Northern State ''At the Party'' (track, ''Dying in Stereo''; Star Time) Don't call it a comeback of the Beastie Boys sound. Okay, do call it that. But the emphatically old-school rhymes and beats of these three female New Yorkers take us back to the day when rap was, you know, fun. (Runner-up, same category: Fannypack's ''Cameltoe.'')

Nelly Furtado ''Folklore'' (album; DreamWorks) You name the instrument or mood, and it's here. Few acts this year made music as vibrant and audacious (from plucky hip-hop pop to meditative balladry) as that on Furtado's sparkling sophomore record.

50 Cent ''In da Club'' (single; ''Shady''/ Interscope) Da club in question feels claustrophobic, rambunctious, and a little dangerous on the most vigorous track from the uneven ''Get Rich or Die Tryin'.'' 50 isn't the world's most lucid rapper, but with backup from Dr. Dre -- orchestral hip-hop at its most potent -- he needn't be.

Warren Zevon ''Keep Me in Your Heart'' (track, ''The Wind''; Artemis) An accepting and beyond-poignant goodbye from someone who knew how important it was to get it right one last time. He'll be missed, and not merely for lines like ''You know I'm tied to you like the buttons on your blouse.''

FADING 'IDOL' Clarkson's ''Miss Independent'' grated
 
FADING 'IDOL' Clarkson's ''Miss Independent'' grated

Kelly Clarkson ''Miss Independent'' (single; RCA/19) The sheer number of ''American Idol'' recordings unleashed this year could fill an iPod from hell: Clay Aiken's defiantly middlebrow ''Measure of a Man,'' the mewly soul of ''Justin Guarini'' and Ruben Studdard's ''Soulful,'' the abominable collections of Christmas tunes and standards assailed by the various graduates. But this strident, overbelted, ersatz-hip-hop contrivance embodies the most grating aspects of the show and the too-eager-to-please stars it created.

The G-Unit ''Beg for Mercy'' (album; Shady/Interscope) Isn't it too early for 50 Cent to be exploiting his success with a set of dumbed-down gangsta by his side project?
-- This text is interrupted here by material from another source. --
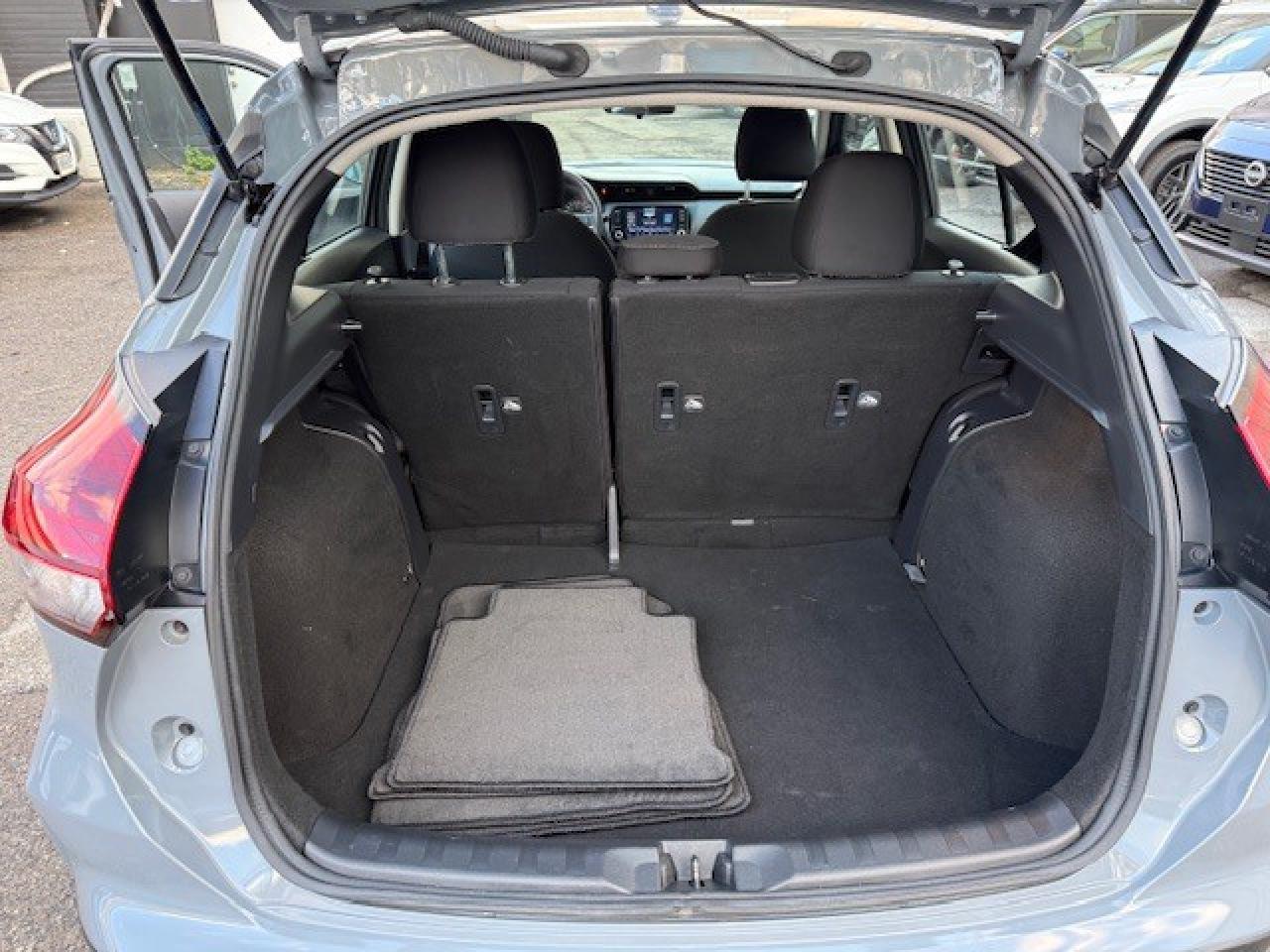 2021 Nissan Kicks SV, APPLE CARPLAY, HEATED SEATS, PUSH BUTTON, SIRI Photo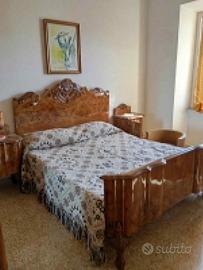 Camera da letto matr. completa in legno massello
He should have called the band Pennies.

Lisa Marie Presley ''To Whom It May Concern'' (album; Capitol) Faux Sheryl Crow, faux Alanis, faux No Doubt. This dreary coming-out has everything but faux Elvis. Maybe she inherited her voice from Priscilla.

Elvis Costello ''North'' (album; Deutsche Grammophon) ''Someone took the words away,'' he sings at one point. Someone also took away the melodies, the tension, and the drive of ''When I Was Cruel'' and replaced them with an interminable barrage of lugubrious cabaret jazz. There's music to clear the room, and then there's this -- music to make the room fall into a deep slumber.

Barbra Streisand, ''The Movie Album,'' and Rod Stewart, ''As Time Goes By...The Great American Songbook Volume II'' (albums, tie; Columbia and J) Where boomer pop stars now retreat: soggy discs of over-orchestrated film songs and standards, reduced to Muzak that would embarrass elevators. There's more to come, folks.